Wo immer aber Gott mit seiner Kreatur spricht, da reagiert sie wie jemand, mit dem man sich verständigen kann. Selbst ein Fieber weicht dann. Selbst Sturm und Wellen auf dem See legen sich dann, wie es Simon und seine Gefährten später noch erleben werden. Wo Gott zu seiner Kreatur diesen Kontakt hält, da muss Leben nicht für alle Ewigkeit immer wieder zu jenem Wettstreit werden, der sich jederzeit sogar zu einem Kampf ums Dasein und Überleben steigert.
Märchen?
Nun könnte man natürlich einwenden: Das höre sich alles ja ganz schön an. Aber zuletzt klingt es doch mehr wie ein Märchen, in dem auch andere Kreaturen sprechen können und Sprache verstehen. Ja, so könnte man es finden, wenn die Geschichte im Evangelium nun weiterginge, wie sie in einem typischen Märchen weiterzugehen pflegt.

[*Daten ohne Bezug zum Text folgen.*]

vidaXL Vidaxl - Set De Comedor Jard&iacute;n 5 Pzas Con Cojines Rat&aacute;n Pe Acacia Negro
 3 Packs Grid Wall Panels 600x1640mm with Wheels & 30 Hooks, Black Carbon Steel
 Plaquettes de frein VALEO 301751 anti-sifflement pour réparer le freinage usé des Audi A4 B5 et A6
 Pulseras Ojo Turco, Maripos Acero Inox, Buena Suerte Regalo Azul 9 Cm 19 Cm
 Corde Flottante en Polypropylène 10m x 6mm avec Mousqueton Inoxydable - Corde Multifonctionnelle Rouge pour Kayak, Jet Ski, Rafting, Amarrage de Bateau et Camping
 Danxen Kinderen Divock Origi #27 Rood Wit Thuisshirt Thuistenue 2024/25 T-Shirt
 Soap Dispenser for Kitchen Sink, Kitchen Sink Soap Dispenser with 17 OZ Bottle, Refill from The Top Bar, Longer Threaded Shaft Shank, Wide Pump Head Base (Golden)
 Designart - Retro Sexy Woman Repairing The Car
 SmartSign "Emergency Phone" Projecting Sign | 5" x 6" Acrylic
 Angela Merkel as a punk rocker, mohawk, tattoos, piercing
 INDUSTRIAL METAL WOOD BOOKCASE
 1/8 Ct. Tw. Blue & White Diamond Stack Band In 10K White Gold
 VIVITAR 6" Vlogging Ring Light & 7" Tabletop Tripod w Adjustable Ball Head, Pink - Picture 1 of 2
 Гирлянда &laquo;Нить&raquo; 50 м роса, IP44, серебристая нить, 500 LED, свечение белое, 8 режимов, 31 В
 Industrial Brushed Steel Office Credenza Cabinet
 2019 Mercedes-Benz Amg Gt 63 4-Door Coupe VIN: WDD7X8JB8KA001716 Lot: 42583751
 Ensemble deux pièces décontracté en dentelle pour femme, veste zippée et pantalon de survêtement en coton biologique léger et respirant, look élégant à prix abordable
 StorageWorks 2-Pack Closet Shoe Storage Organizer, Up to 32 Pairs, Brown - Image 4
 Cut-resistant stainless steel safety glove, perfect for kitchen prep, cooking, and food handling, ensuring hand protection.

Z.B. so: Simon und seine Gefährten zogen hocherfreut mit ihrem Fang nach Hause. Sie wurden reich und lebten mit ihren Familien fortan glücklich und zufrieden alle ihre Tage. Und wenn sie nicht gestorben sind, dann leben sie heute noch.
Aber so geht die Geschichte im Evangelium gerade nicht weiter. Vielmehr hören wir, dass Simon Jesus entsetzt zu Füßen fällt und ihn geradezu anfleht: „Geh weg von mir. Denn ich bin ein sündiger Mensch.“ Es ist, als sei dem Simon bei dem Blick in die Tiefe regelrecht schwindelig geworden. Jetzt erst, wo ihm zum zweiten Mal im Munde Jesu jenes vollmächtige schöpferische Wort Gottes begegnet ist, da ist ihm schlagartig klar geworden, in welchem Maße er selber Tag für Tag mit gräbt an jenen Untiefen, aus denen heraus seine Klage emporgestiegen war. Er ahnt plötzlich, wie er selber daran mitwirkt, dass sich diese Abgründe auftun – Untiefen, in denen man gewinnen kann, wenn man zur rechten Zeit am rechten Ort ist und so elendig verlieren kann, wenn man dabei den Kürzeren zieht. Simon ahnt etwas davon, was in der Bibel immer wieder „Sünde“ genannt wird. Das ist ein Leben auf andere Einflüsterungen hin als dem Wort, das aus Gottes Mund kommt. Das ist ein Leben, in dem wir einander zu Todfeinden werden können; in dem eine Kreatur der anderen zur Todfeindin werden kann.
Auftrag
Doch in diesem Moment wendet sich die Geschichte aus dem Lukas-Evangelium ein letztes Mal. „Jesus sagte: Fürchte dich nicht. Von nun an wirst du Menschen zum Leben fischen.“ Simon und seine Gefährten werden berufen. Jesus von Nazareth beruft sie in seine Nachfolge. Sie werden neu an andere Menschen verwiesen. Ihr Blick wird in eine neue Zukunft gerichtet. Das ist ein weiter offener Horizont. Was sie dort einbringen, wird auch den anderen Menschen zum Leben dienen.
In dem Wort, mit dem Jesus sie zu Menschenfischern ernennt, klingt im Lukas-Evangelium ganz deutlich „Leben“ an: Es geht darum, für die Menschen und ihr Leben zu sorgen, die sie zusammenbringen. Ihnen ist das schöpferische Wort Gottes ja so begegnet, dass sie eine ganz neue Grundlage haben, um sich über jenen Untiefen zu bewegen, in denen Leben nur wie ein Kampf ums Dasein bestanden werden kann. Sie dürfen in sich den Schatz einer Vorstellung von einer Welt tragen, in der sich alle Kreatur auf solches Wort Gottes hin verständigen und das Leben entdecken kann, zu dem sie berufen ist.